10. The method of claim 2, wherein the connection prompting message is used to prompt a user to detach the wearable device from the wearable device, such that the LED module of the detached wearable device is aligned with an external device.

11. The method of claim 2, wherein the wearable device is a smart watch, and the LED module is located on a side of a watch body of the smart watch that is proximate to a wrist of a user; the connection prompt information is used for prompting a user to turn the watch body along a connecting shaft between the watch body and the watch band until the LED module is aligned with external equipment.

12. The method of claim 1 or 2, wherein receiving a trigger operation of a user on a wearable device comprises:

receiving a tapping operation of a user on the wearable device.

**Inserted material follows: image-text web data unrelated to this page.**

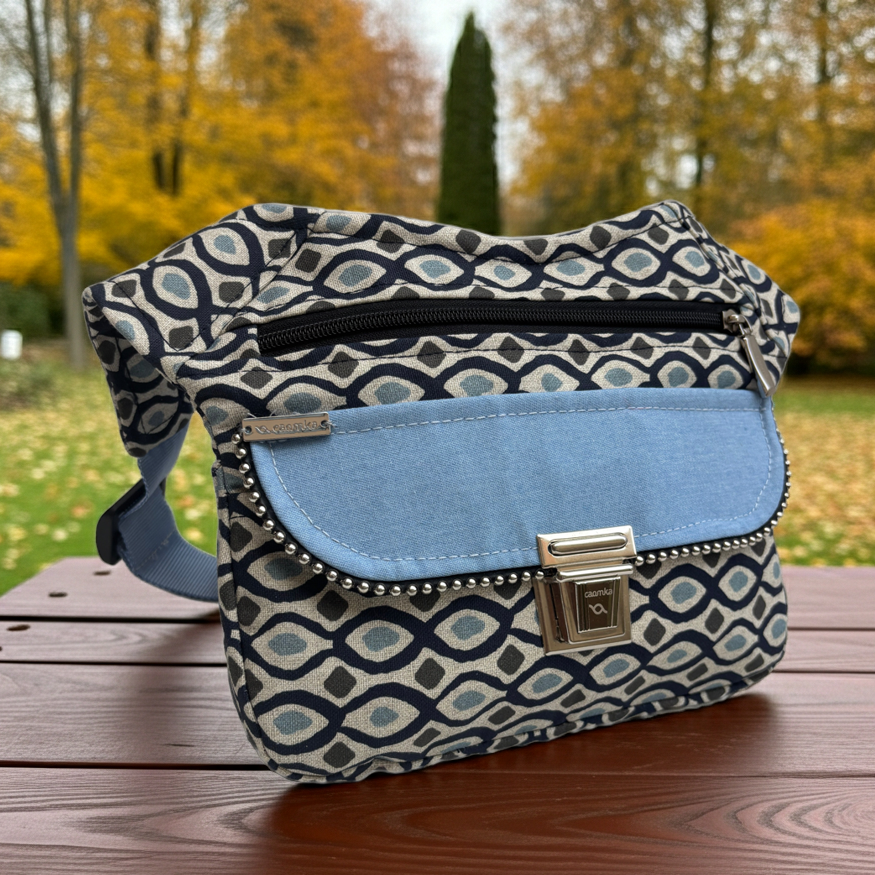Riñonera "Soft Geometry Blue" · Pieza Única Núm. 18117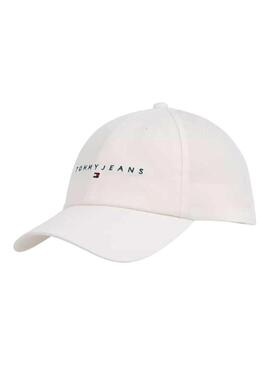 Cappellino Tommy Jeans Linear bianco per uomo e donna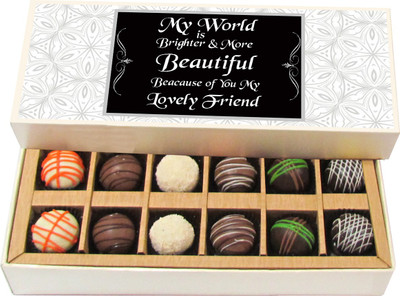 Chocholik Friendship Gift - My World Is Brighter & More Beautiful - Dark, Milk, White Chocolate - 12pc Truffles(180 g)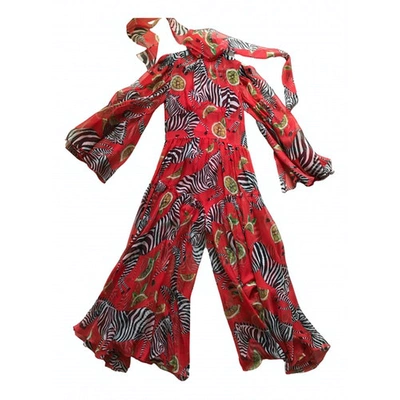 Pre-owned Dolce & Gabbana Red Silk Jumpsuit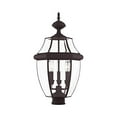 thumbnail image 2 of Livex Lighting 2354-07 Monterey 3 Light Outdoor Post Head with Clear Beveled Glass, Bronze, 2 of 4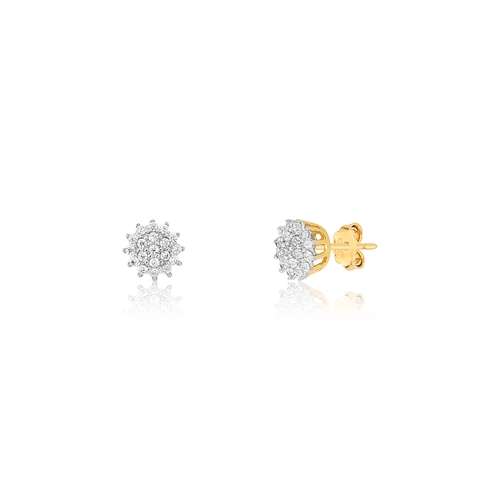 Brinco Stud redondo ouro 18k chuveiro de Zircônias brancas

13. The method according to claim 1 or 2, wherein the trigger operation is a first trigger operation of a user for target application software; the establishing an optical communication connection with an external device using an LED module of the wearable device after determining that the LED module is aligned with the external device in response to a triggering operation of a user on the wearable device comprises:

in response to a second trigger operation of the user for the switching control, after determining that the LED module of the wearable device is aligned with an external device, establishing an optical communication connection with the external device using the LED module.

14. A communication apparatus of a wearable device, comprising:

a response module, configured to, in response to a triggering operation of a user on the wearable device, establish an optical communication connection with an external device using an LED module of the wearable device after determining that the LED module is aligned with the external device; wherein the LED module is a health measurement module on the wearable device.

15. A wearable device comprising a memory and a processor, the memory storing a computer program, characterized in that the processor, when executing the computer program, implements the steps of the method of any of claims 1 to 13.

16. A computer-readable storage medium, on which a computer program is stored, which, when being executed by a processor, carries out the steps of the method according to any one of claims 1 to 13.